### What you will do
Please give back only the lines below from the one containing "787 Summit Ave" to the one containing "Tagi kölcsön érthetően: mikor", each repeated word for word, both ends included.

### Data to examine
>>>>>
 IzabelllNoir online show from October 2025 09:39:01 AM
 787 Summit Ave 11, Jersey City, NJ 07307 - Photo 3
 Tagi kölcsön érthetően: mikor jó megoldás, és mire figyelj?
<<<<<
>>>>>
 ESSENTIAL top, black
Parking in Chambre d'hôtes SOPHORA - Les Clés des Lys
<<<<<
### Expected output
 787 Summit Ave 11, Jersey City, NJ 07307 - Photo 3
 Tagi kölcsön érthetően: mikor jó megoldás, és mire figyelj?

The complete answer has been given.